I've been digging into tip-stress recently (cool tool!) and wanted to know if there is interest in improving the latency reporting mechanism, to better report on externally-observable latency.

As it currently stands, the measurement technique used appears to be susceptible to the Coordinated Omission problem (a term I copied a while back, and a problem prevalent in many load generators in monitoring tools). The mechanism by which it shows up here (as in most load generators that have not fixed it yet) involves a coordinated stall between the server being measured and issuing of operations on the load generator side. A stall on the server side will effectively stall the measurements in each load generator thread, as each thread will not issue new requests until the one that is in flight either succeeds or fails. When the threads do issue the request, they set the start time as the time that the request was issued (a time that the server was able to delay through stalling), rather than the time that the request would have been issued at had the coordination (and stall of the load generator thread) not happened. The resulting effect is that the latencies measured (and the stats they reflect) can end up discounting most of the server stall effects, reporting stats (like p99) that appear to show significantly lower latency than the latency that actual clients would experience. In effect, the reported latency stats describe something that is much closer to the service time within the server, and often very far from the externally visible response time that a non-coordinating client would see. The gap between the two can often be multiple of orders of magnitude, especially at higher %'iles, and especially when no trivial JVM pauses or other server stalls are exhibited.
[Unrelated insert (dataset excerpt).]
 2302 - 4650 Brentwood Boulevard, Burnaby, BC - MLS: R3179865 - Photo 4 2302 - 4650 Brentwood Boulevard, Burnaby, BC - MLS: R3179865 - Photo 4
For a detailed example of what the problem is and how different latency reports can be when it is corrected, look at README for wrk2. The wrk2 repo was originally intended to simply as an example of how to fix coordinated omission in load generators (I used it for that purpose in a workshop I gave on the subject), but it seems to have unintentionally grown in use. I'd much rather have this sort of thing fixed (or addressed from the start) in the mainstream version of each load generator (as we've managed to do with e.g. cassandra-stress, YCSB, Galting, and RadarGun).

A simple litmus test I use, which immediately shows whether or not coordinated omission is in play, is the "what is the reported latency when the actual throughput is well below the load generator's attempted throughput" test. When a server is unable to actually satisfy the incoming load, and the load is not coordinating with the server, a queue of pending but not yet handled requests grows over time. Each of these pending requests has a start time determined by when it was attempted, not by when the server was willing to accept it, so externally experienced latencies (across all %'ile) grow linearly with time; the longer the test is run the longer the latencies are (typically grwoing in a clean linear line). Whenever a load generator reports latencies that do not grow over time under such over-saturated-server conditions, it is exhibiting Coordinated Omission. That omission mechanism is usually not limited to continually satuarted conditions, and is likely affecting it's reporting even under non-saturated conditions (e.g. during the occasional multi-second or sub-second stalls that servers may exhibit under loads where 10s of thousands of operations per second are being modeled). tlp-stress certainly exhibits this tell-tale behavior. And the coordination is pretty easy to spot in the code. It is basically here and here.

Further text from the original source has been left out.